Prompt
Could the data below please be reproduced word for word, without the pictures?

Given data
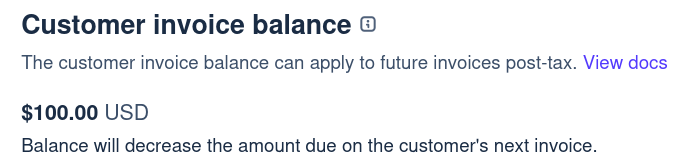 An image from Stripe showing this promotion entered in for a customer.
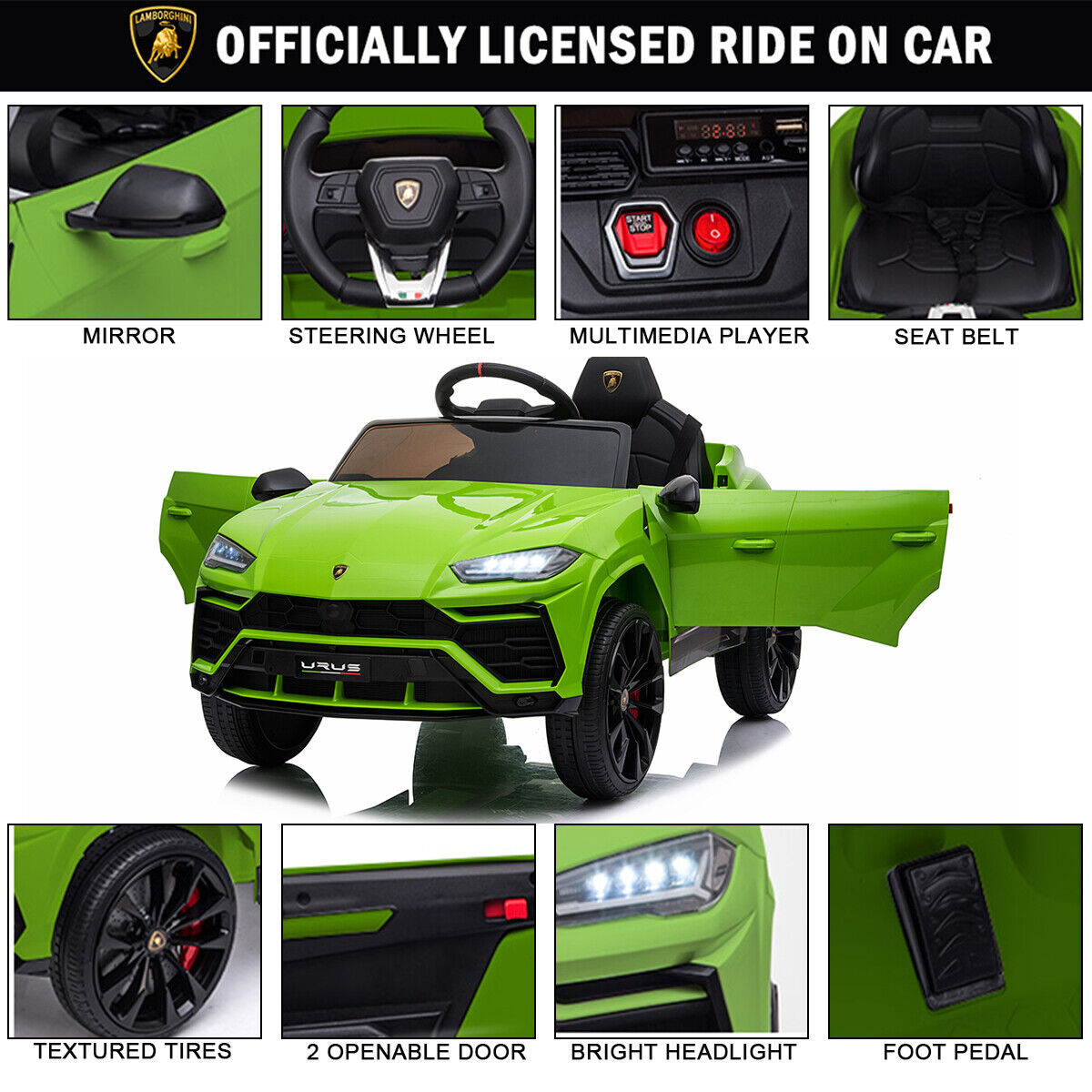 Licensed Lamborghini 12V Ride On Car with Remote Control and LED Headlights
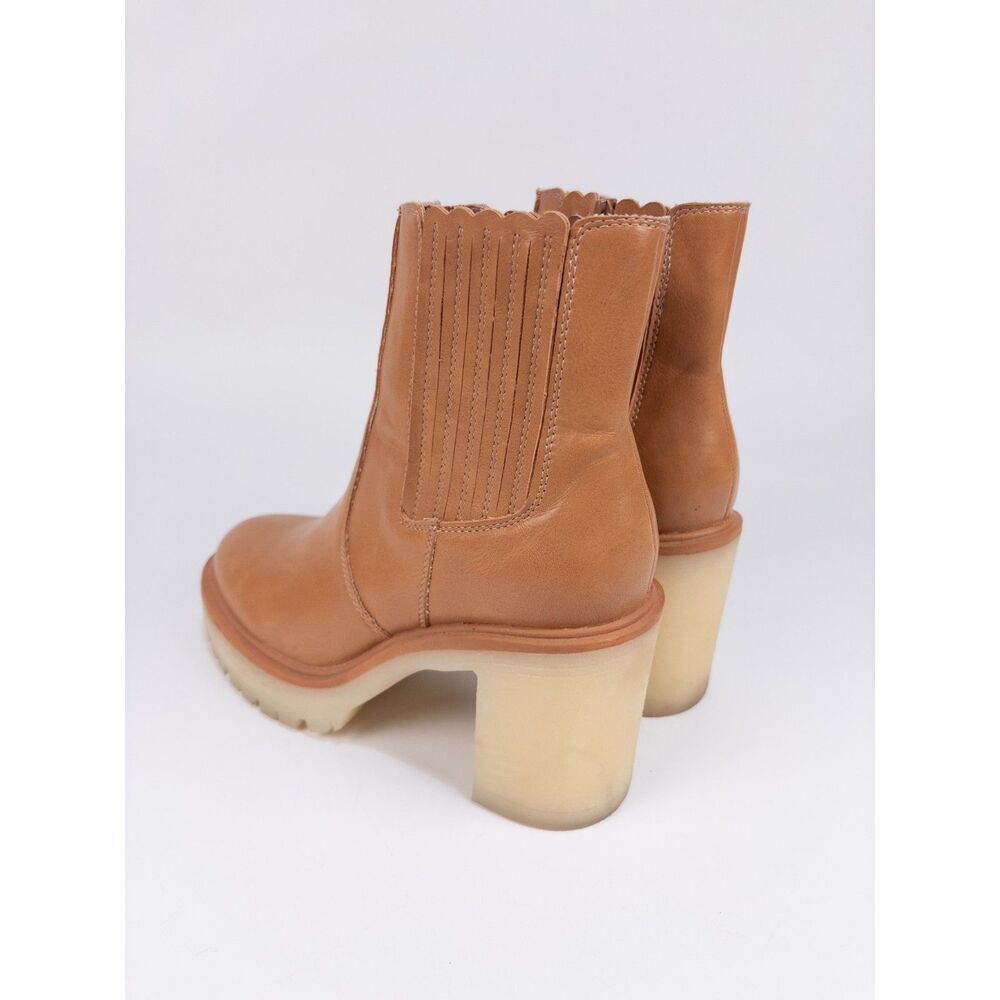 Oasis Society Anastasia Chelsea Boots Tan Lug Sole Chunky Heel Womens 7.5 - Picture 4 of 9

Answer space
 An image from Stripe showing this promotion entered in for a customer.
 Licensed Lamborghini 12V Ride On Car with Remote Control and LED Headlights
 Oasis Society Anastasia Chelsea Boots Tan Lug Sole Chunky Heel Womens 7.5 - Picture 4 of 9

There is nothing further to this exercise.